For UK businesses ready to reduce costs and improve efficiency, Spot Instances, combined with professional guidance, can become a powerful tool for operational success.

FAQs

What are Spot Instances, and how do they differ from on-demand cloud instances?

Spot Instances offer a budget-friendly option compared to on-demand cloud instances by taking advantage of unused cloud resources. The cost savings can be substantial - sometimes as much as 90% less. This makes them a great choice for tasks that don't require constant uptime, like batch processing, data analysis, or testing environments.

That said, Spot Instances come with a trade-off. Since they rely on surplus capacity, they can be interrupted by the cloud provider if those resources are needed elsewhere. On the other hand, on-demand instances, while pricier, provide consistent availability and are a better fit for critical applications where reliability is non-negotiable.

How can businesses effectively handle interruptions when using Spot Instances?

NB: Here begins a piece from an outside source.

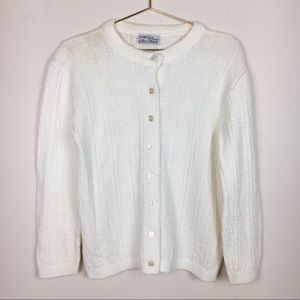 VTG CREAM KNIT BUTTON UP CARDIGAN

To handle interruptions with Spot Instances effectively, businesses can use a few smart strategies. One of the most important is automation - leveraging tools that can automatically retry tasks, redistribute workloads, and manage failovers. This helps reduce downtime and keeps operations running smoothly.

Another approach is designing workloads to be interruption-tolerant. This means structuring critical processes so they can continue functioning even when instances are interrupted.

You should also make use of proactive notifications. Spot Instance interruption notices and rebalance recommendations allow you to anticipate changes and adjust resources before disruptions occur. By integrating these alerts into your workflows, you can respond dynamically and maintain stability while still enjoying the cost benefits of Spot Instances.

What workloads are ideal for Spot Instances, and how can businesses check if theirs are compatible?

Spot Instances work best for stateless, fault-tolerant, and flexible workloads. Typical examples include big data analytics, containerised applications, web servers, high-performance computing (HPC), and development or testing environments. They're especially useful for tasks that can handle occasional interruptions and adjust their scale as needed.

To see if Spot Instances are a good fit, businesses should assess whether their workloads can tolerate interruptions, function without persistent storage, and adapt to fluctuating availability. These instances are a budget-friendly option for non-critical tasks where constant reliability isn't a top priority.